3.  Jury instructions.  The defendant asserts that the “suit coat” example[7] of constructive possession in the jury instructions was too similar to the facts in this case and expressed approval for the Commonwealth’s theory of the case.[8]    The defendant objected to that portion of the instruction but declined the judge’s offer to give a curative instruction.  Jury instructions are to be reviewed in their entirety.  Commonwealth v. Walker, 466 Mass. 268, 284 (2013).  Isolating the example from the remainder of the charge ignores that the judge also instructed that the defendant had to knowingly possess the drugs in the pants pocket in order for the jury to find him guilty of possession.  See Commonwealth v. Gil, 393 Mass. 204, 221-222 (1984).  Insofar as the defendant asserts that the instruction allowed the jury to convict the defendant based on the presence of the drugs in his pockets alone, the instruction that the Commonwealth had to prove the defendant knowingly possessed a controlled substance eliminates any confusion, as did the example itself, which required that the judge know the keys were in his pocket in order to be in possession of them.  Further, the judge instructed the jury later in his charge that he was neutral and they should notinfer that anything he said or did during the trial suggested “that [he had] an opinion on how [the jury] should decide the case.”  Finally, even if the instruction may have been similar to the facts of the case, it is clear that the jury were not persuaded by that similarity, given that they acquitted the defendant of possession of the cocaine found in his pants pocket.  There was no error.

Judgments affirmed.

 


     [1] The defendant was sentenced to concurrent sentences of two years to two years and one day in State prison.  The defendant was also charged as a subsequent offender and with drug violations in a school zone in connection with each of these charges, all of which were later dismissed by the Commonwealth.  The defendant was charged with, and acquitted of, possession with intent to distribute cocaine and a related school zone drug violation.

     [2] For a detailed discussion of Dookhan’s misconduct and the investigation into the Hinton drug lab, see Commonwealth v. Scott, 467 Mass. 336, 337-342, 349-350 (2014).
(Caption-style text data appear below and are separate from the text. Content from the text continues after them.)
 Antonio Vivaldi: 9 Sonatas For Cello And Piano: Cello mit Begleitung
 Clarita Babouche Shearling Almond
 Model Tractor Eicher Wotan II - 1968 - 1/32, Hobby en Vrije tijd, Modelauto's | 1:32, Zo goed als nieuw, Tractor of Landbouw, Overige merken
     [3] “A motion to withdraw a guilty plea is treated as a motion for a new trial under Mass. R. Crim. P. 30 (b), as appearing in 435 Mass. 1501 (2001).”  Commonwealth v. Furr, 454 Mass. 101, 106 (2009).
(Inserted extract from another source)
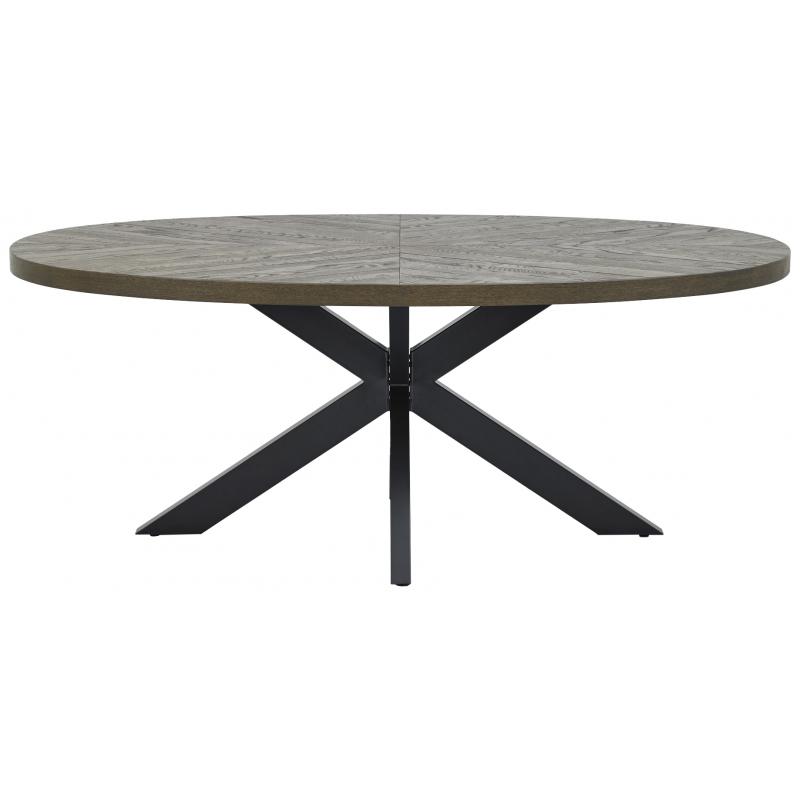Bohemia Fumed Oak Oval Dining Table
     [4] As detailed in Scott, 467 Mass. at 339-341, and at the trial of this defendant, there is no evidence that Dookhan’s misconduct included mixing samples seized from different suspects, notwithstanding the defendant’s assertions to the contrary at trial and on appeal.  Testimony at trial revealed that Dookhan, acting as the primary, i.e., the initial testing chemist, would draw individual samples from different cases when she believed them to be the same substance.  She would conduct the required testing on a handful of these samples, and then attribute the results to all of those she had drawn (“dry labbing”).  She would then prepare small vials (aliquots) from each case for secondary testing.  In some cases, when her surmise — that each of the untested samples was identical to the others — proved to be wrong after a secondary chemist tested the aliquots, she would add a known substance to a new aliquot to ensure that a subsequent retest would “turn[] negative samples into positive samples,” id. at 339, and confirm her report. There was no testimony that the drugs from which samples were originally drawn were ever adulterated or combined.  Without that showing, the subsequent testing by Della Saunders of the drugs seized from the defendant in this case provided admissible evidence on which a fact finder could rely.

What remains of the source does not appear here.